Starring: Jack Black, Mos Def, Danny Glover, Mia Farrow
Director: Michel Gondry
Studio: Partizan/New Line
Video: 2.35:1 anamorphic/enhanced for 16:9 color & B&W, 1080p HD
Audio: English DTS-HD 7.1, DTS surround
Subtitles: English SDH, Spanish
Extras: Portrait of Passaic, NJ; Behind-the-Scenes featurette; Conversation with Jack Black and Michel Gondry; Making-Of featurette, Musical Tribute to Fats Waller; Jack Black & Mos Def Improvise “Sweded” Theme Songs; Complete Fats Waller homemade Biopic (Extras: 480i & DTS 2.0)
Length: 102 minutes
Rating: *****
The second feature since the Oscar-winning Eternal Sunshine of the Spotless Mind by French-born director of music videos Michel Gondry may not be Oscar material but it’s a hilarious, warmhearted and wonderful little flick. Plus it has some fine themes about acceptance, diversity, and community cooperation. However, to fully get into its wacky and offbeat mileau, you must turn off your rational mind in order to accept that: 1. A person’s entire body could get magnetized, 2. That person could accidentally erase all the videotapes in a video rental store, 3. That when he and the store clerk create their own super-amateur brief versions of Hollywood movies starring themselves and some friends and rent them to customers, people love them and line up to be in the next production, and 4. That the magnetized person doesn’t continue to erase all the videotapes they are making!

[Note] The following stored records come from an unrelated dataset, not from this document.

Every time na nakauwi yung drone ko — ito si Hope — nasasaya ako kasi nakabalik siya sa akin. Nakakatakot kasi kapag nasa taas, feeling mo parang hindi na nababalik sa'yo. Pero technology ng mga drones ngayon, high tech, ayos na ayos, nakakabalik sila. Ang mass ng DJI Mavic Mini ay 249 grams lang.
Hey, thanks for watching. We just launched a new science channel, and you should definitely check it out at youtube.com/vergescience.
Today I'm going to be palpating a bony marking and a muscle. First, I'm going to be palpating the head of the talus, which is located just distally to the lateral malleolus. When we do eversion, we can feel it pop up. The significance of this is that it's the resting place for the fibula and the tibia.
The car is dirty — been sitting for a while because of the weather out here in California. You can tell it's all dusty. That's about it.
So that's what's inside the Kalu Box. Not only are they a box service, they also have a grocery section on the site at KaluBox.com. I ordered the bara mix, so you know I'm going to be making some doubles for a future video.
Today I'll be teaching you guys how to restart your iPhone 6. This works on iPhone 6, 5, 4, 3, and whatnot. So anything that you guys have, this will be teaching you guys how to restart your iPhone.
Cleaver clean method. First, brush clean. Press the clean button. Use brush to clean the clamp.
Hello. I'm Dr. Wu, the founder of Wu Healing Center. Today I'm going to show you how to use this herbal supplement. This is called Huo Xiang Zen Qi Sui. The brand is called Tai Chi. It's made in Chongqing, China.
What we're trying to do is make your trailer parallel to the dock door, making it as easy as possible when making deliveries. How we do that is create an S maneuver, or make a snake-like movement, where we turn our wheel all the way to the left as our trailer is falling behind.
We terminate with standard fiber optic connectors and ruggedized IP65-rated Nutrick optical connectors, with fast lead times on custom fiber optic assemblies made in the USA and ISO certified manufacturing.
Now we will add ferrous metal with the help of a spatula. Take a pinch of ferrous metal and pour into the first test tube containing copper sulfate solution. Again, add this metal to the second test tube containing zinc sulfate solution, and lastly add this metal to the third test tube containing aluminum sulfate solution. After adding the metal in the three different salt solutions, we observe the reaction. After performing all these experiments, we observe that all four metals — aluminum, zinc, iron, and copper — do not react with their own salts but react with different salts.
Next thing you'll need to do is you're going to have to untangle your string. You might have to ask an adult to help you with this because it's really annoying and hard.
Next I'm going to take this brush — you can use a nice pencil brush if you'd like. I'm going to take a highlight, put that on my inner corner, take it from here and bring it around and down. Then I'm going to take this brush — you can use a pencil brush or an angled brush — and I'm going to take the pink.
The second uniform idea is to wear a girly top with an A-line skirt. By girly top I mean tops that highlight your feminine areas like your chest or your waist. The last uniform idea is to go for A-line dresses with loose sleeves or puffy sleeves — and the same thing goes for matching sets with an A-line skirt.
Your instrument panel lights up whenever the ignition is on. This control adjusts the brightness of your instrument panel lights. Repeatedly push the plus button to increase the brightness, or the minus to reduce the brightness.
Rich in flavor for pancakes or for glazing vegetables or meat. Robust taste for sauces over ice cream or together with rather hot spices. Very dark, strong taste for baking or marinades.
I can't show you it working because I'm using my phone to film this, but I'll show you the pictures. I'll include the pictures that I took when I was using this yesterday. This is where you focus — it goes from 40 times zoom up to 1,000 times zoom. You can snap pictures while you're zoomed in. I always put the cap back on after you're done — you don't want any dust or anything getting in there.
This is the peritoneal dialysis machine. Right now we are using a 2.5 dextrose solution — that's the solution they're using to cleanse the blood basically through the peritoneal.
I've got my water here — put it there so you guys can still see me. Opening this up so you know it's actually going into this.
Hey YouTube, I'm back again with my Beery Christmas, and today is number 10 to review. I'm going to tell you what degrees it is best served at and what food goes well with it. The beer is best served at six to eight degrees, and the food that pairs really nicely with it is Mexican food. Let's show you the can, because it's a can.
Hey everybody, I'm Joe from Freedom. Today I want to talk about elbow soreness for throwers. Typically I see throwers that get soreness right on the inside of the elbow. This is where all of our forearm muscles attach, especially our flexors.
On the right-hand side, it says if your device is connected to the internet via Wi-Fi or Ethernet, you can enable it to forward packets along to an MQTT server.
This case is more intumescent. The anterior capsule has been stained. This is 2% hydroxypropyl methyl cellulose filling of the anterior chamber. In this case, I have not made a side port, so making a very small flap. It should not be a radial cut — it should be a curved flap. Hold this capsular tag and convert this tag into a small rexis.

Jack Black is the magnetized menace, due to an encounter with an electric substation he was trying to sabotage. Mos Def is the clerk left to run the video shop while owner Danny Glover is away; it is in such a poor slum area that they still rent only videotapes, at $1 each. Their own absurd special effects using an old videocam are similar to the childish but often very creative effects Gondry has used in his music videos (of which there is an available compendium on DVD). The two misfits fearlessly tackle such epics as Robocop, Lion King, Ghostbusters and Driving Miss Daisy with predictably humorous results. Mia Farrow plays a somewhat bewildered lady who in one hilarious scene tells Mos Def she would like next to rent Driving Miss Daisy. He attempts to dissuade her, but in the following scene we see him with a cap on in the driver’s seat of a car, and Jack Black in drag in the back seat giving him advice. When renting their productions, they decide to improve their bottom line by charging an extra fee for videotapes which they have somehow specially customized; they dub them “sweded.” (This Blu-ray disc has a big hand-printed sticker on it saying “Sweded.”)
Another plot element is a frantic effort to save the video rental store, since business bigwigs in the town have plans to tear it down for development. There is also a side story about an original documentary the amateur crew makes on the life of Fats Waller, who the Glover character claims was born in his store building and made his famous pipe organ recordings at a church there in Passaic. This film opens and closes the feature and is shot in sepia with lots of scratches to look like historical footage – with Mos Def playing a very underfed Fats with a pillow strapped to him. The complete documentary is in the extras.